When it came to calling their son after him, Anna wasn’t sure as she didn’t love the name, but she knew it was important to Gregg. ‘Then Sid was born and I said, “Does he look like a Sid?” and she said, “Yes, he does.”’

He adores them both. ‘It’s a wonderful, happy home environment with Anna’s parents there, my daughter Libby, and Anna. It’s f***ing fabulous. I’ve never experienced anything like it. Massimo and Rina are golden people. 

‘The sun shines in their hearts. They are the loveliest, the warmest – just ever so Italian. Everything is family. Everything is food. I go home and there’s good food and bottles of wine or a glass of grappa. You sit around the table and you chat.’

Gregg is, yet again, in a hotel room working when we meet on Zoom. He’s been filming MasterChef: The Professionals, which moved to BBC1 from its BBC2 slot last year in the middle of the pandemic. 

Host Gregg and judge Marcus Wareing were ‘chuffed to bits’. ‘We thought it may have just been moved because there was a shortage of programmes being made,’ says Gregg. ‘But it did really well so it’s staying there.

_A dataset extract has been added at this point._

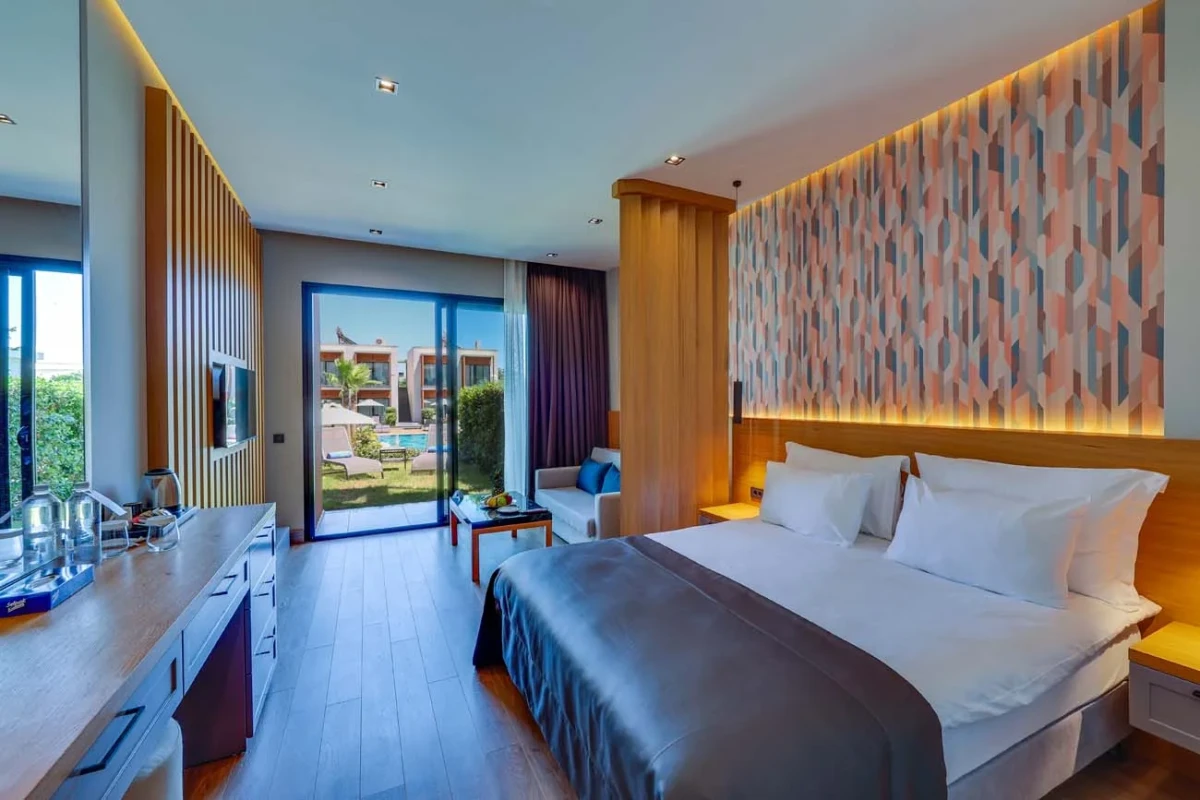 CELESTE BELLA LUXURY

‘MasterChef: The Professionals is the most extraordinary show. It doesn’t have the same laughter and it hasn’t got the same sense of fun as the original MasterChef or Celebrity MasterChef, but look at the quality of the dishes. I look at the food and think, “This is just extraordinary.”’

Gregg, who’s lost 4st since those ‘miserable’ picking-women-like-he-picks-cars days, continues to have a passion for food. He missed restaurants terribly in lockdown.

‘I had a massive panic attack. A rash came out over my legs. I’ve never not worked. But once I stopped panicking, I had a wonderful time at home.

‘I did the shopping. I made lunch for the family every day. I had bath times with Sid every night. I walked with Anna every day. I was there with Sid when I wouldn’t have been. 

‘We’d crawl around the bedrooms or wherever he wanted to go. I had such a good time. It wasn’t just the baby. I’ve never had time with family like that. I’ve never had time off.’

He pauses for a moment. Laughs. ‘Although I didn’t really give myself time off.’ Instead, he developed Show Me Fit, his new diet and fitness plan, with the motto ‘being good most of the time is good enough’, which is weirdly apt for anything with Gregg’s name attached. 

Anna helped with the recipes and his daughter Libby helped him film hundreds of recipe and workout videos. ‘Of course I wanted to get back to work. I wanted there to be some kind of normality but I loved, loved, loved being at home.

‘This is the first time I’ve found someone who actually thinks that who I am is nice and good, and doesn’t want to change anything. It’s the first time ever – and, believe me, I’ve been looking. I did a lot of looking.’

We know, Gregg, we know.  

MasterChef: The Professionals starts on Monday at 7.35pm on BBC1.